On February 2, Wilson Asset Management reported selling out of Sportradar Group AG (SRAD 2.96%), exiting 322,342 shares for an estimated $8.67 million.
What happened
According to a Securities and Exchange Commission (SEC) filing dated February 2, Wilson Asset Management sold its entire holding of 322,342 shares in Sportradar Group AG (SRAD 2.96%) during the fourth quarter. The quarter-end position value for SRAD decreased by $8.67 million, reflecting the complete divestment and stock price movement.
What else to know
Top holdings after the filing:
- NASDAQ: GOOGL: $38.09 million (9.8% of AUM)

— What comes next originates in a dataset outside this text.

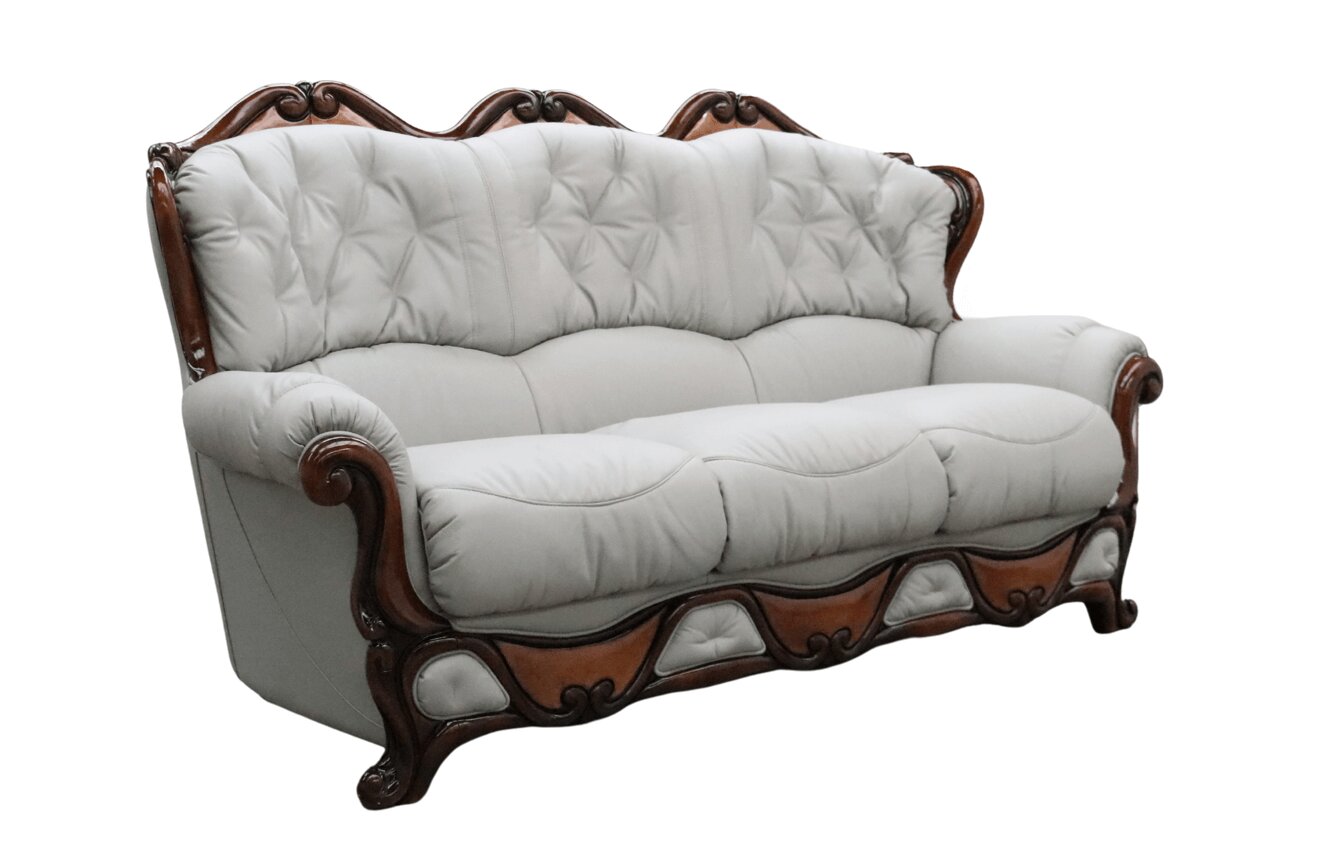 Product photograph of Dante Original 3 Seater Sofa Settee Italian Light Grey Real Leather from Chesterfield Sofas.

- NASDAQ: INTU: $26.77 million (6.9% of AUM)
- NYSE: PWR: $23.31 million (6.0% of AUM)
- NYSE: ICE: $20.16 million (5.2% of AUM)
- NYSE: MSCI: $19.98 million (5.1% of AUM)
As of February 2, shares of Sportradar Group AG were priced at $18.24, down 12.2% over the past year and underperforming the S&P 500 by 28.55 percentage points.
Company overview
| Metric | Value |
|---|---|
| Price (as of February 2) | $18.24 |
| Market capitalization | $5.48 billion |
| Revenue (TTM) | $1.23 billion |
| Net income (TTM) | $94.83 million |
Company snapshot
- Sportradar Group AG provides sports data, analytics, and live streaming services for betting operators, sports leagues, and media companies worldwide.
- The company generates revenue through licensing proprietary data feeds, offering mission-critical software solutions, and delivering content and risk management services across the sports betting value chain.
- It serves bookmakers, online gaming operators, sports federations, and media organizations as primary customers.
Sportradar Group AG operates at scale as a leading provider of sports data and analytics, supporting the global sports betting and media ecosystem. The company leverages advanced technology and proprietary data to deliver integrated solutions that underpin critical operations for clients in regulated markets. Its strategic focus on comprehensive data coverage and robust software platforms positions it as a key infrastructure provider in the rapidly evolving sports technology sector.
What this transaction means for investors
Sportradar is posting numbers that many mid-cap growth investors would envy, but its stock has really lagged over the past year. In the third quarter, revenue rose 14% year over year to 292 million euros, while adjusted EBITDA jumped 29% to 85 million euros, pushing margins to a record 29%. Cash generation was equally notable, with 115 million euros in operating cash flow for the quarter and no debt on the balance sheet.
Management also raised its full-year 2025 outlook, calling for at least 1.29 billion euros in revenue and 290 million euros in adjusted EBITDA, alongside a $300 million share repurchase authorization. That combination of accelerating profitability, strong cash flow, and capital returns usually signals confidence, not caution.
So why exit? Wilson Asset Management’s remaining top holdings tilt toward highly profitable, entrenched compounders like Alphabet, Intuit, and MSCI. Against that backdrop, Sportradar isn’t quite a fit, remaining more exposed to sentiment around sports betting growth, regulatory shifts, and investor patience.